It flattened some communities and displaced about 3 million people.
A: 27 November 2013
2. The Directly Hit Survivors
We are most likely wondering what happened after Yolanda passed through Tacloban City. What did the people do? How was it like to be there? Below is a description of the experience,
“Tacloban is totally destroyed. Some people are losing their minds from hunger or from losing their families,” high school teacher Andrew Pomeda, 36, told AFP, as he warned of the increasing desperation of survivors.
“People are becoming violent. They are looting business establishments, the malls, just to find food, rice and milk… I am afraid that in one week, people will be dying from hunger.”
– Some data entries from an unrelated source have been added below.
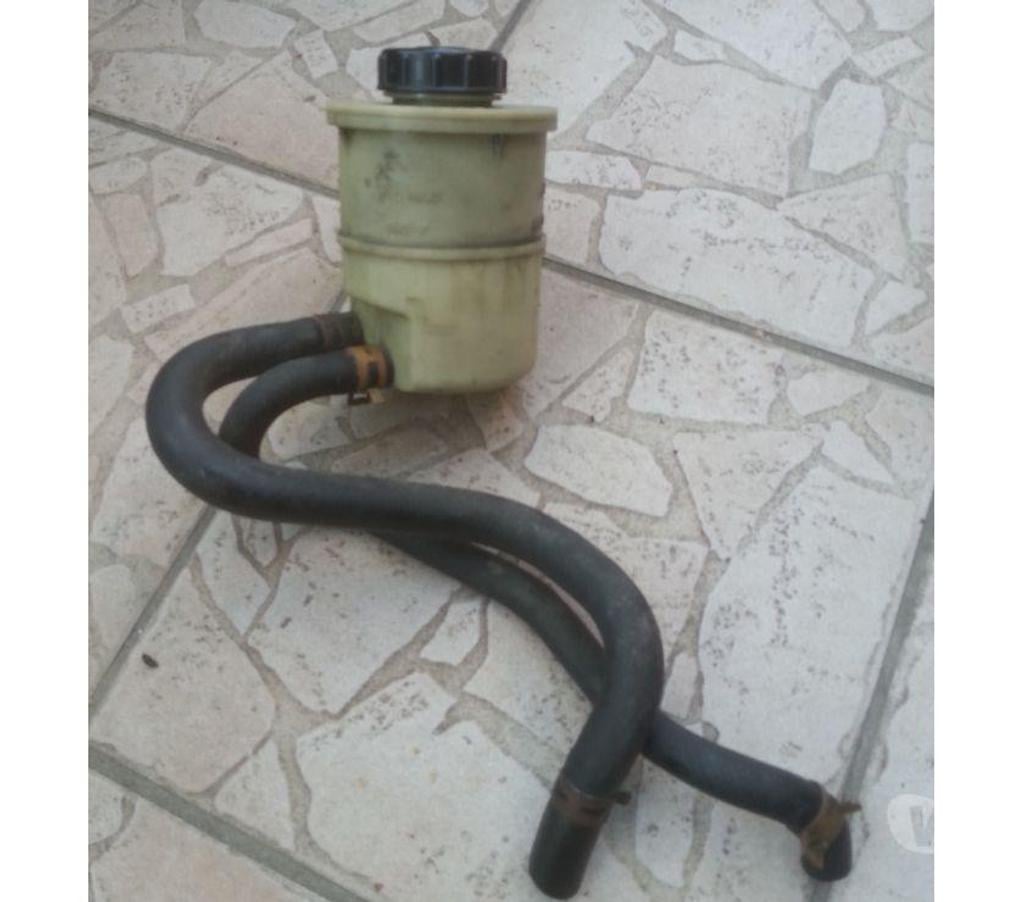 Pièces et services auto Seine-et-Marne Montceaux les Provins - 77151 - Photos Vivastreet bocal huile megane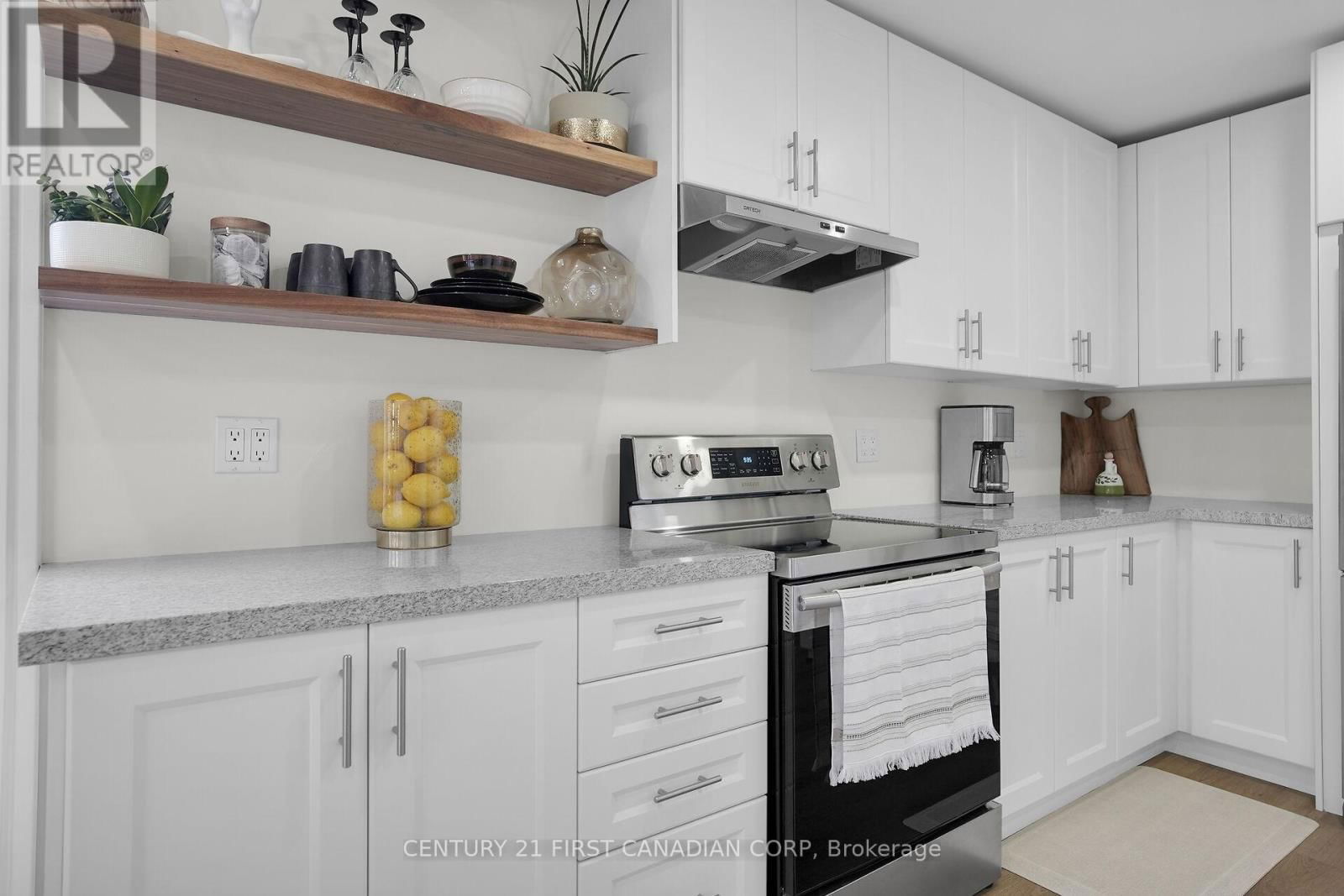 134 MAUD STREET Image 8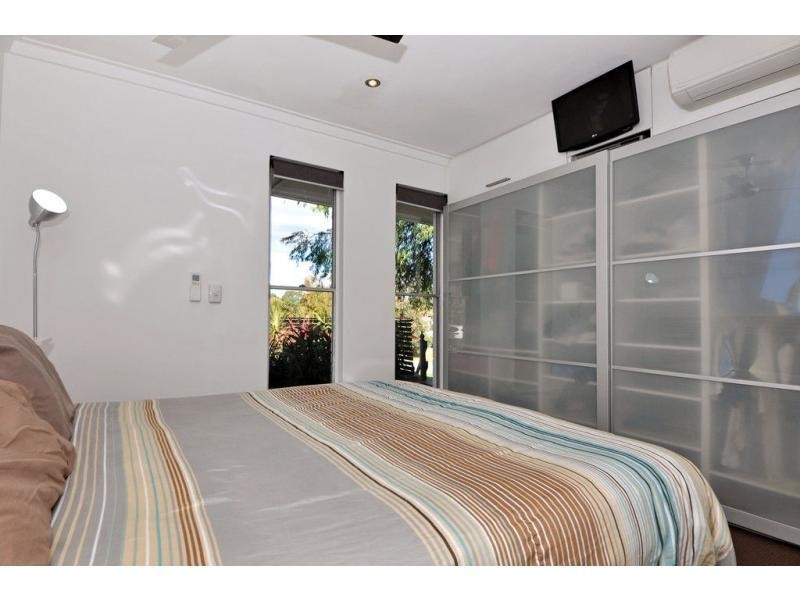 21B Gleddon Way, Hillarys WA 6025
Those who survived do not only think of staying alive but also find the strength and courage to take care of their dead if they can. Below is the story according to Patricia Evangelista,
“The bodies are piling up. Tacloban, Tanauan, Palo, village after broken village.
“We are told there are none left, the streets appear clear of everything but debris, until the corpse truck trundles down the road, the men in masks and gloves trudging into side streets and alleyways, coming out in pairs hoisting white Red Cross body bags. Sometimes the bags are laid out on the road, unzipped, checked, marked with felt pens.
“The journalists follow the trucks, foreigners with tripods and fluffy boom mikes. Sometimes it is old women who follow, hanging on from the backs of motorbikes.
“Their sons are inside, they say. They want to know where to pray.”
A: 26 Nov 13
Patricia Evangelista, Multimedia Reporter
A candle on a trench
Tacloban City November 20, 2013 9:02pm
Seeking relief is necessary and when there seems no more resources that can be found in their place, people move for survival. Cito Beltran describes it this way:
“It helps that people in Tacloban have tried to find relief elsewhere, some walking hour upon hour as if re-enacting the Jewish Exodus. Last Wednesday while waiting for my flight at Mactan airport I chanced upon passengers disembarking from a Philippine Airlines flight out of Tacloban, they all had one thing in mind; to get out and wait until there is law and order, or start all over but not in Tacloban. From the looks of it, Cebu City or Cebu province stands as the new Promised Land while Tacloban has become “The Dead City.””
A: 26 Nov 13
Posted on Friday Nov 15th at 5:00am
CTALK By Cito Beltran
What will come first: Law and order, or total anarchy?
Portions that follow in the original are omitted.